I’ve been consulting and speaking a lot about AI lately, and frankly, I doubt we’ll have a clear idea when such real-world anchoring has occurred, or autonomous consciousness.


Still, she makes a strong point about how many humans fail the same kind of reality-anchoring test that she would apply to AI. “Extremist communities, especially in the social media era, bear a disturbing resemblance to what you might expect from a conversation held among similarly trained GPT-3s,” she says. “A growing tide of cognitive distortion, rote repetition, incoherence and inability to parse facts and fantasies within the thoughts expressed in the extremist online landscape signals a dangerous contraction of understanding, one that leaves its users increasingly unable to explore, share and build an understanding of the real world with anyone outside of their online haven.”


== Solving crises ==


Unfrozen Lands: The climate crisis threatens much of the Earth with droughts, flooding and brutal heat. But it could also create unparalleled opportunity for a few countries — perhaps none more than Russia Put aside the fact that the new farmlands will remain crappy, with poor topsoil for millennia… and that there’s only one growing season, while climate change destroys other zones on the planet that had two.  From Moscow’s perspective, this is all good!  Including the 12 new bases they are building to control the melted Arctic, causing deep concern among our Naval folk.  Oh, and new circulation patterns bring winter ice storms over the US Midwest, further encouraging our idiots to shout “What ‘warming’?” Putin can’t stop winning.


More than 3,000 years ago, a couple at the biblical site of Bethsaida, in Israel, was buried side by side in a spooning position, with the male's arm over the female's body, and the archaeologists who discovered the remains are now calling the couple "Romeo and Juliet." Especially since the male died in his late teens and the female in her early teen or preteen years.


Fascinating ruminations on what attributes a Black Hole might have if it were a useful source of power. Interesting indeed. Raising the question of whether a micro black hole can interact with its surroundings via anything other than simple mass, charge, spin and Hawking Radiation. Pairs of black holes orbiting each other will leak Gravity Radiation (GR). But what happens when that GR encounters another orbiting pair? Is it simply absorbed, increasing the 2nd pair's orbit? (And might that make a good GR detector?) 
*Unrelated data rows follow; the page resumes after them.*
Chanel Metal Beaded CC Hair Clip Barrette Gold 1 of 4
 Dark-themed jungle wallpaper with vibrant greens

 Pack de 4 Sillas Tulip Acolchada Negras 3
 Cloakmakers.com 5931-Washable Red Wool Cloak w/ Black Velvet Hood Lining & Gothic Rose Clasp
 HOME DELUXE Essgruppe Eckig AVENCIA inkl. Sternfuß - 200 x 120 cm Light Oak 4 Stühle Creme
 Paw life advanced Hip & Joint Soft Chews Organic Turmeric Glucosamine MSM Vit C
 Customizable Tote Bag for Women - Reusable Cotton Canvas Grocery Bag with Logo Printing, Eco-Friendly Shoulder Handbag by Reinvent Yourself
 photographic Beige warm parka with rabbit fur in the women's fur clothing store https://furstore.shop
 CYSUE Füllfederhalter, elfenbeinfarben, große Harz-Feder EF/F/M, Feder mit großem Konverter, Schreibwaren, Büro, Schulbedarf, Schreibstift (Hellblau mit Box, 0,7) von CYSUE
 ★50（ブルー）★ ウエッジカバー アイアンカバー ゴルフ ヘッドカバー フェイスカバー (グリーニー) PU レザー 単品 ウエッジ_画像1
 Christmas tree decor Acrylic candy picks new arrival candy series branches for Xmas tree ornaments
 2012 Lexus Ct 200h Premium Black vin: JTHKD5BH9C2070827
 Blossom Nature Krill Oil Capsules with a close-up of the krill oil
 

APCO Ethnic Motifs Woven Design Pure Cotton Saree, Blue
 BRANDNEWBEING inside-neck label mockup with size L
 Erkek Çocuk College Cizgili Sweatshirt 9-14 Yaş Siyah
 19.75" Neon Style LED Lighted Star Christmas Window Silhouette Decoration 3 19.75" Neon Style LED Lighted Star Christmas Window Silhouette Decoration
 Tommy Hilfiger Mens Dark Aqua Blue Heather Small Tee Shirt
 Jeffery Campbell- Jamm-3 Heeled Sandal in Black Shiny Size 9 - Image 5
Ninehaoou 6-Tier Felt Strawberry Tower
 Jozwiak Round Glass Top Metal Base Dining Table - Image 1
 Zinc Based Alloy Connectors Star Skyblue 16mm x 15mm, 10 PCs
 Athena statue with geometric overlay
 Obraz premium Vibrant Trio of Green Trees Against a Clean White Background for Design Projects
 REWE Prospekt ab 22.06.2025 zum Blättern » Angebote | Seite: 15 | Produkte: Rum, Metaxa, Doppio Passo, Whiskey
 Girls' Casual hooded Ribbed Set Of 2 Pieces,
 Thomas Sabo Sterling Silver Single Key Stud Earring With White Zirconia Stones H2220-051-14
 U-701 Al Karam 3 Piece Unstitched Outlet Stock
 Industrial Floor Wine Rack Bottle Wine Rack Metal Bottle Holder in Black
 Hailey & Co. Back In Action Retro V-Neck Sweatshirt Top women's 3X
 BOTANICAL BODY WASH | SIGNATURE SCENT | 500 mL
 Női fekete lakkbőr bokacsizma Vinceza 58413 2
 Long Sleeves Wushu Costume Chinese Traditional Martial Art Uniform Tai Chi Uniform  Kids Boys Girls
Or are more complex effects possible? Like diffraction of the incident GR or possibly even reflection, back at the source? And if so... you might get the scenario I depicted in EARTH, where a pool of elevated gravity potential tat lies between the two orbiting pairs might experience STIMULATED EMISSION OF GRAVITY RADIATION between the two "mirrors." Creating in effect a GRASER or the GASER gravity laser I portrayed in that novel.


Wish I had time to dive deeper. Interesting stuff.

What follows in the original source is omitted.